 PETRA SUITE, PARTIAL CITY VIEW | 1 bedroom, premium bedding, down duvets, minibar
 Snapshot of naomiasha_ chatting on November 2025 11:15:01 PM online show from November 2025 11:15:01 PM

------------

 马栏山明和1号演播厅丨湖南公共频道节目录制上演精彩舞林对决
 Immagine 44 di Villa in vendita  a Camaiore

------------

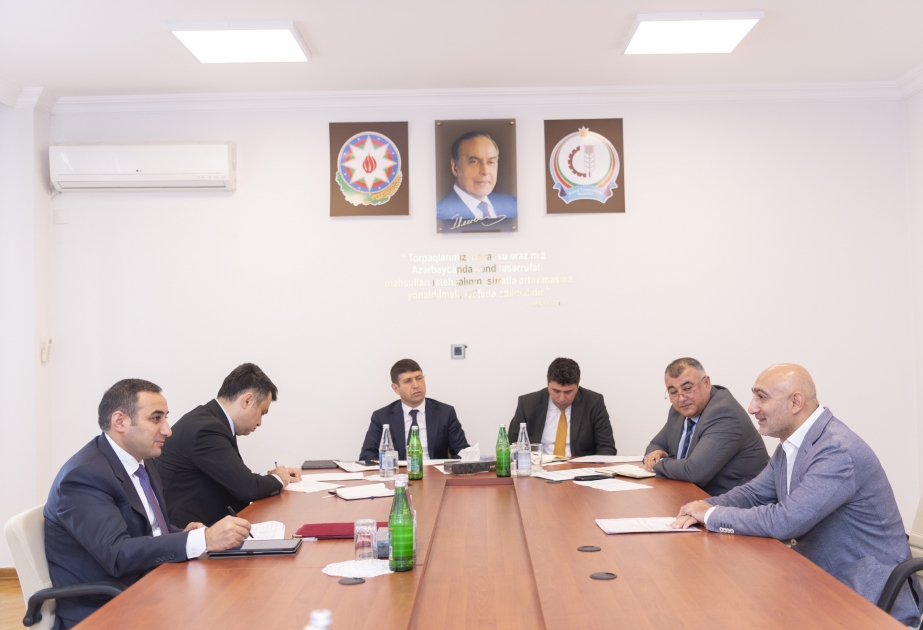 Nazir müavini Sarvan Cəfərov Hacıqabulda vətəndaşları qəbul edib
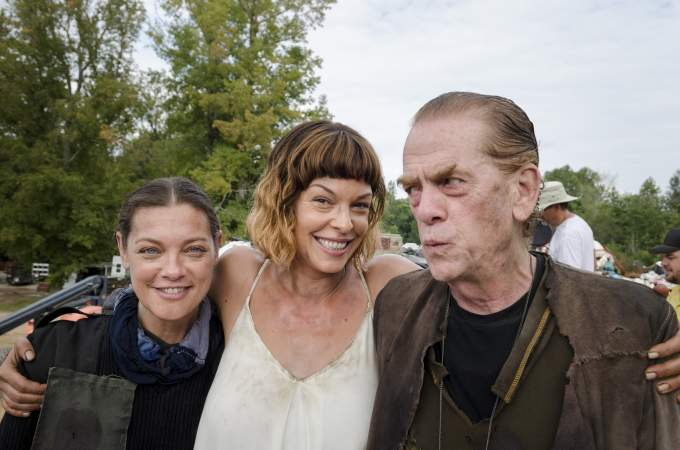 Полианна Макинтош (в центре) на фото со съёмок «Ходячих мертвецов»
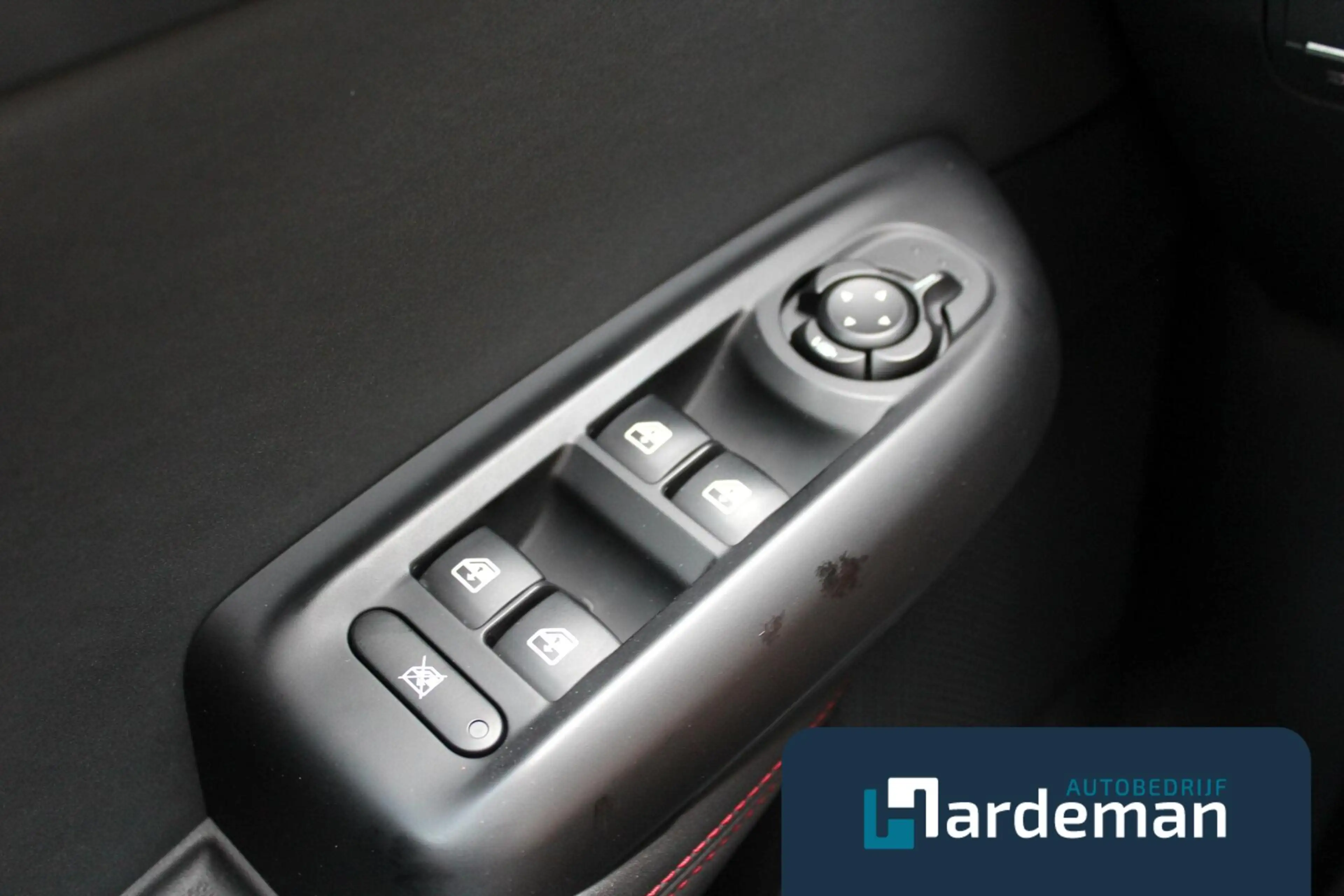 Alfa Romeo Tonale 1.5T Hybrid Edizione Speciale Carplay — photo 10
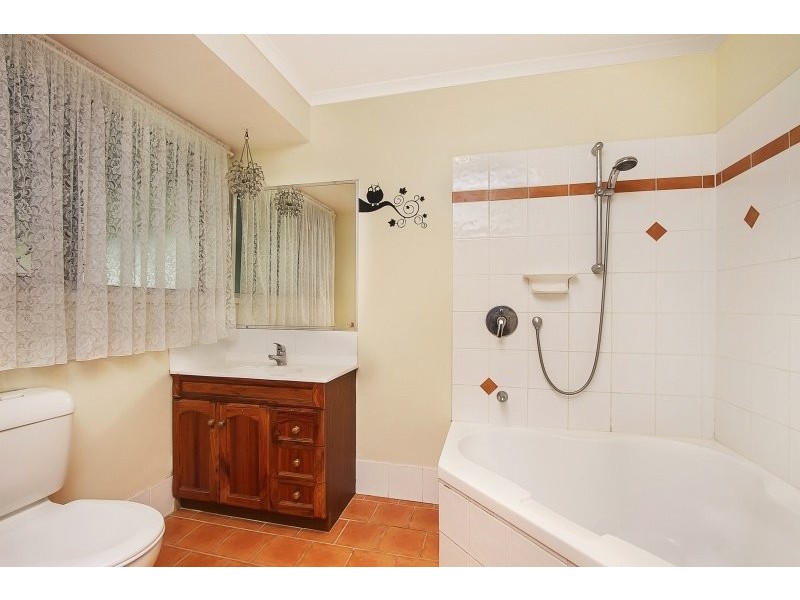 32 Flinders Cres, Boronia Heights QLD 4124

------------

The entries above hold the needed span. Transcribe exactly the lines from the one with "PETRA SUITE, PARTIAL" to the one with "Snapshot of naomiasha_", both included.

◆ Problem solution
 PETRA SUITE, PARTIAL CITY VIEW | 1 bedroom, premium bedding, down duvets, minibar
 Snapshot of naomiasha_ chatting on November 2025 11:15:01 PM online show from November 2025 11:15:01 PM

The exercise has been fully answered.